Colin Relf: an Englishman abroad

All the S&T partners had the privilege of working with Colin Relf, an internationally renowned evaluator and programme manager. When we were awarded the RAP-85 evaluation by the Department of Public Works earlier this year, our first thought was: ‘How do we get Colin involved?’ Sadly, this won’t be possible. Nonetheless, I hear Colin’s voice - usually reminding me not to commit some elementary error - every day as we focus on public works and eradicating poverty, two issues close to Colin’s heart.

Colin, a partner in the UK company IT Transport, was our counterpart from the International Labour Organisation (ILO) in two successive evaluations, firstly of the Community Employment Programme (in 1996) and then the full Community Based Public Works Programme (CBPWP) (in 1997). Colin had spent most of his adult life working in virtually every developing country, first as a road and transport specialist, then moving into labour intensive methods and a broad range of related disciplines. He had worked for most of the multilateral institutions, and also spent a year and half seconded to the Department of Public Works. Sadly, that proved to be one of Colin’s last postings: he returned to England where his health, always weak, failed.

An engineer by training, Colin was a powerful evaluator, amassing enormous amounts of data and sifting carefully through them for insights. Working together - at any hour, since Colin would happily phone me late at night as a new idea struck him - we were able to help the Department of Public Works refine the CBPWP delivery strategy from stand-alone assets to the cluster approach, now the norm and widely replicated. Colin also suggested the combination of a normative and application-based approach, allowing the Department to target communities unable to apply to the programme for assets. When Colin made statements - such as his judgement that the CBPWP was probably the best public works programme in the world - they carried the weight of years of experience and they were listened to.

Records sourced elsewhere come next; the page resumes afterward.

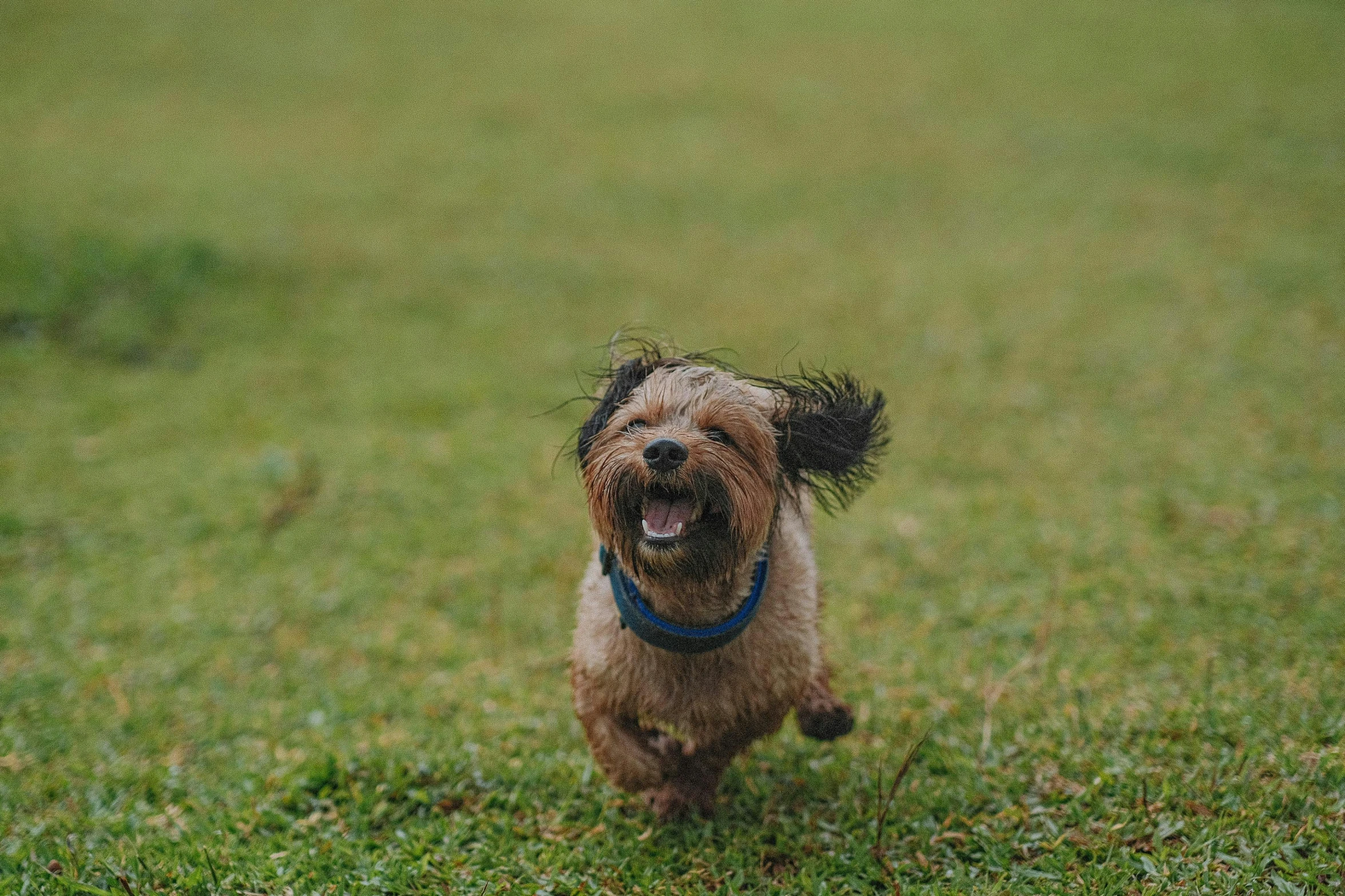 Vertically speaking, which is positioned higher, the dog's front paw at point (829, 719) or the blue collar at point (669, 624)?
the blue collar at point (669, 624)

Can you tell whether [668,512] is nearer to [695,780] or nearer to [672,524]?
[672,524]

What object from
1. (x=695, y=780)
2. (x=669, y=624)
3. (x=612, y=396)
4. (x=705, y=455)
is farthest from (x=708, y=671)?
(x=612, y=396)

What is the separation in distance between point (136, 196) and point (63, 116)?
422cm

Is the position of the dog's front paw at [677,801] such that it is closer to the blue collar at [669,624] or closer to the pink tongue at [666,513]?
the blue collar at [669,624]

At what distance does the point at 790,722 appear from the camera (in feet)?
16.3

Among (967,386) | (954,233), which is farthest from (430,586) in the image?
(954,233)

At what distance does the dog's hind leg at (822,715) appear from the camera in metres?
4.27

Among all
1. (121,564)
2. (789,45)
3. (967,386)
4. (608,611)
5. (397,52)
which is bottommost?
(121,564)

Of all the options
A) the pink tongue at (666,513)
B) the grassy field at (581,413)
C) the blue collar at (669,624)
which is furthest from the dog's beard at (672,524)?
the grassy field at (581,413)

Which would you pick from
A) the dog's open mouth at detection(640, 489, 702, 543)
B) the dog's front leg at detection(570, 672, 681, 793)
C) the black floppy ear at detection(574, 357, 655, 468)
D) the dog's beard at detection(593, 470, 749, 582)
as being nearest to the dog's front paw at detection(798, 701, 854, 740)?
the dog's front leg at detection(570, 672, 681, 793)

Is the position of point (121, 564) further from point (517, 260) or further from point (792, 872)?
point (517, 260)

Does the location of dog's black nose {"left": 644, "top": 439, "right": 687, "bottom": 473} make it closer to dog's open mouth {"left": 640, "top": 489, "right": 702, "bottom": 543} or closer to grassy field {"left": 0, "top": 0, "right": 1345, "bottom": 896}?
dog's open mouth {"left": 640, "top": 489, "right": 702, "bottom": 543}

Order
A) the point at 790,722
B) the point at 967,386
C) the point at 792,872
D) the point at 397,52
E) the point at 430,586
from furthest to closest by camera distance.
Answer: the point at 397,52 → the point at 967,386 → the point at 430,586 → the point at 790,722 → the point at 792,872

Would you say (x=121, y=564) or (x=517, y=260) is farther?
(x=517, y=260)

Unfailingly polite, unfailingly English, Colin made hard work into good fun. His contribution to the development of public works in South Africa was singular and enormously influential. His contribution to my personal and intellectual development - learning new techniques, unpacking complex issues, developing recommendations that made developmental (not just political) sense, never letting go of tricky issues or difficult interviewees - was similar.

Colin was smart, witty and erudite. He is the only person I know who managed to use the word ‘happenstance’ in a report that sought to be accessible, and got away with it. He didn’t suffer fools gladly, but would share his ideas, papers, books and time with anyone who asked. I still have a book on my desk, and scribbled on its cover it says: ‘Please return to Colin Relf’. How I wish I could. Colin was a great friend, of myself and of South Africa. He is sorely missed.

Colin Relf died at home in Bradford-on-Avon in June 2000 after a long battle with diabetes.